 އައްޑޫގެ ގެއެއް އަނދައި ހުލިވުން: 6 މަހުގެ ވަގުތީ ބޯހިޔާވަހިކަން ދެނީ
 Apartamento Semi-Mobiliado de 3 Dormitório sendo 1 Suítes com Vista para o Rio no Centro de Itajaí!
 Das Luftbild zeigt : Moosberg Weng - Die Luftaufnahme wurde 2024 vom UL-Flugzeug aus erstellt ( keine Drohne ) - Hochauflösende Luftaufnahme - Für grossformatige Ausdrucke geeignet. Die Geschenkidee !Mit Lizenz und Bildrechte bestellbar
========
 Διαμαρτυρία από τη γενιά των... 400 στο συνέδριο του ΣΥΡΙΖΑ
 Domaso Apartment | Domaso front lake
========
> **What you need to do**:
Copy only this part of the entries above: the line with "Διαμαρτυρία από τη", the line with "Domaso Apartment | Domaso front lake", and the lines between, all exactly as written.

> **Task answer**:
 Διαμαρτυρία από τη γενιά των... 400 στο συνέδριο του ΣΥΡΙΖΑ
 Domaso Apartment | Domaso front lake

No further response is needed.